Éloge de la politique profane - Introduction

Pertes et résurgences de la raison stratégique

« Que notre situation soit nouvelle, que notre combat soit nouveau,
ce n’est peut-être pas à nous de le dire, mais enfin qui ne voit
que notre situation est nouvelle, que notre combat est nouveau. »

Charles Péguy, Un nouveau théologien, 1911.

« Par à-coups successifs, comme au sortir d’un coma,
nous essayons de dissiper les brumes de déjà-vu. »

Félix Guattari, Micropolitiques, 1982.

Au seuil des années 1980, Félix Guattari percevait l’avènement d’un nouveau régime planétaire d’accumulation du capital, un « capitalisme mondial intégré ». La société mondiale devenait « flasque, sans contours, sans ressorts ». Ce paradigme émergent semblait alors issu du grand retournement, au milieu des années 1970, de l’onde expansive d’après-guerre. Initié par la crise dite pétrolière de 1973-1974, il aurait scellé la fin d’un cycle, celui de la régulation fordiste et de l’État social keynésien, et annoncé l’entrée dans une crise historique prolongée, dont la sortie maintes fois annoncée devait être autant de fois différée1.

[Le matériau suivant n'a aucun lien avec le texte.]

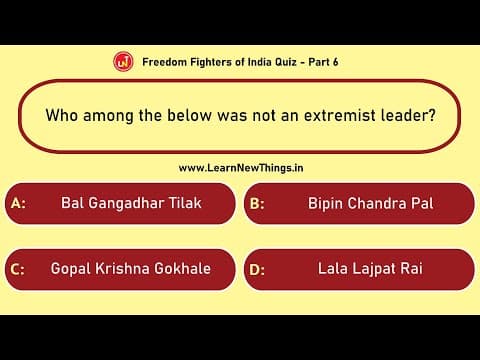 Freedom Fighters of India Quiz - Part 610 - 12 Questions - Independence Day of India Quiz - History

Cette longue transition vers un capitalisme global ou total n’est pas le résultat supposé « naturel » de la seule logique économique. Elle traduit et accélère les changements majeurs dans les rapports de forces sociaux et interétatiques, les effets d’une nouvelle vague d’innovations technologiques, la modification de la division et de l’organisation du travail impulsée par la contre-réforme libérale des années 1980.

Fin de la guerre froide ? Passage d’une hégémonie partagée, depuis les accords de Yalta et Potsdam, à une hégémonie impériale exclusive et à une domination unilatérale ? Michaël Hardt et Toni Negri ont tenté de saisir cette grande mue en désignant sous le concept d’Empire le pouvoir absolu et déterritorialisé d’un capital déployé en réseau dans un espace sans limites ni lieux. À cette forme inédite de souveraineté non territoriale et non étatique, correspondraient des résistances réticulaires symbolisées, non plus par la taupe qui creuse obstinément ses galeries sous les fortifications, mais par le serpent qui se faufile dans les interstices et les failles des relations de pouvoirs.

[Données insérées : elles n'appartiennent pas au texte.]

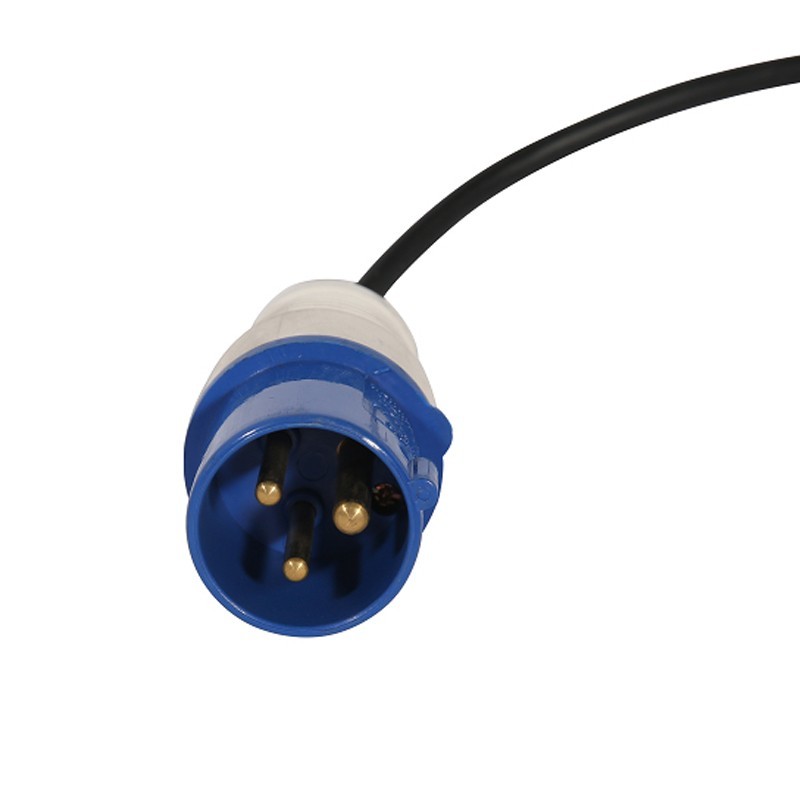 Zoom sobre la toma de corriente de la mesa elevadora eléctrica 2000kg 220V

Un tel bouleversement obligerait à penser les conditions de l’action selon les catégories d’une « nouvelle modernité ». La crise du concept de politique ne date pourtant pas d’hier. Depuis les guerres révolutionnaires et napoléoniennes, elle est constitutive des interrogations récurrentes sur la souveraineté, la légitimité, la citoyenneté, la représentation, et sur le statut même de la « notion de politique » : « C’est la constellation conceptuelle dans laquelle prend forme le concept moderne d’État qui est structurellement en crise2. » La question de la justice, dont la forclusion vise, depuis la philosophie hobbesienne de l’État, à neutraliser le conflit est ainsi rouverte.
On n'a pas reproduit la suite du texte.